Data Ingestion (EL)

Airbyte Operations

Setting up a new Connection

1. Add a New Source

From the Airbyte dashboard, click on Sources in the left-hand navigation menu.
Click the + New source button in the top right corner.
Search for and select the desired connector from the list (e.g., LinkedIn Ads, Bing Ads).

2. Configure the Source

Authenticate: Follow the prompts to authorize the connection to the third-party account.
Start Date: Input the date from which you want to begin ingesting historical documentation/data.
Consult Documentation: Use the setup guide panel on the right side of the screen for specific prerequisites and API requirements for your chosen source.

3. Select Destination

After setting up the source, proceed to the next step and select your destination (e.g., databricks_production).

4. Configure Schema (Critical for Billing)

Navigate to the Schema tab of your connection.
Review the list of available streams (tables).
Action: Uncheck any streams or rows that are not strictly necessary.
Reasoning: Airbyte billing is based on the number of rows synced. Syncing unnecessary data will significantly increase costs.

5. Test and Sync

Run a Test sync to ensure the connection is valid.
Once confirmed, enable the connection.

6. Verify in Databricks

Log in to your Azure Databricks environment.
Navigate to the Catalog.
Go to the Raw schema (or your configured ingestion location).
Locate the namespace that matches the destination name you set in Airbyte (e.g., bing_ads).
Click on a table (stream) to view the schema and verify that:
- The data columns are present.
- The Airbyte metadata columns (e.g., _airbyte_extracted_at) are visible.

Fixing an Existing Connection

Summary: This guide explains how to investigate a failed sync within Airbyte, locate specific error logs, and re-trigger the sync after applying a fix.

Instructions

1. Identify the Failed Connection

Navigate to the Connections dashboard.
Look for connections marked with a red status bar or “Sync Failed” (e.g., Google Ads -> databricks_production).
Tip: You can use the 30-day history bar to visually spot past failures.

2. Locate Error Details

Click on the name of the failed connection to open its details.
Select the Timeline tab from the top menu.
Scroll to find the specific Sync failed event entry.

3. Investigate the Cause

You have two options to view errors:

Option A: Quick View
- Click the See more link next to the error message.
- Example: In the video, this revealed a \t (tab) character was used where a space was expected.
Option B: View Full Logs
- If the quick view is insufficient, click the three vertical dots (kebab menu) on the right of the error row.
- Select View logs.
- Review the generated log file to find the specific exception or error message.

4. Fix and Retry

Apply the necessary fix to your source data or connector settings.
Return to the connection dashboard.
Click the Sync now button in the top right corner.
Monitor the Streams status or Timeline to ensure the sync completes successfully.

Custom Connectors

Overview

When a pre-built connector (e.g., for a CRM or Criteo) is not available in the standard Airbyte catalog, you must build a Custom Connector.

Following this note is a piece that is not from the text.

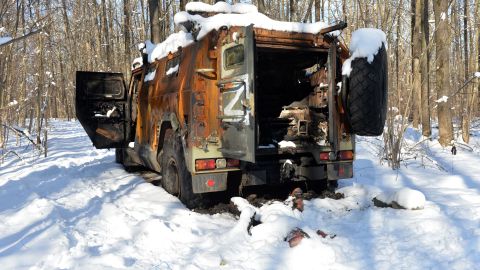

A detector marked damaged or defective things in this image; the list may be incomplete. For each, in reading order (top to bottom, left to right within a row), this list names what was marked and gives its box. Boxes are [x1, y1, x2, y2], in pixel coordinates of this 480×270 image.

This process involves defining the API base URL, authentication method, and the specific data streams you wish to replicate.

Step 1: Access the Connector Builder

Navigate to the Builder tab in the Airbyte sidebar.
Click to create a new connector or edit an existing one (the video demonstrates editing an existing “Criteo” connector).
The builder is divided into two main sections: Global Configuration and Streams.

Step 2: Global Configuration & Authentication

You must set up how Airbyte connects to the API globally.

API Base URL: Enter the root URL for the API.
Authentication Method: Configure the authentication flow (The video demonstrates OAuth2).
- Headers: Set up standard headers (e.g., accept: application/json, Content-Type).
- Grant Type: Specify the grant type (e.g., client_credentials or authorization_code).
- Token Refresh: Since this uses OAuth2, you must configure the Refresh Token Endpoint so Airbyte can maintain access without manual intervention.
- Variables: Input the Client ID and Client Secret as variables in the configuration form.

Step 3: Stream Configuration

This step defines the specific data endpoint you want to pull (in this example, a statistics report).

1. Request Setup

URL Path: Define the specific endpoint (e.g., /2021-01/statistics/report).
HTTP Method: Set to POST.
Request Body: Select JSON Object Body and define the payload required by the API. In the video, the following keys are configured:
- format: “csv”
- metrics: List of metrics (Clicks, Display, AdvertiserCost, Visits, etc.)
- currency: “USD”
- dimensions: List of dimensions (Adset, AdvertiserId, CampaignId, etc.)
- advertiserIds: The specific ID for the account (e.g., “Blue Compass RV”).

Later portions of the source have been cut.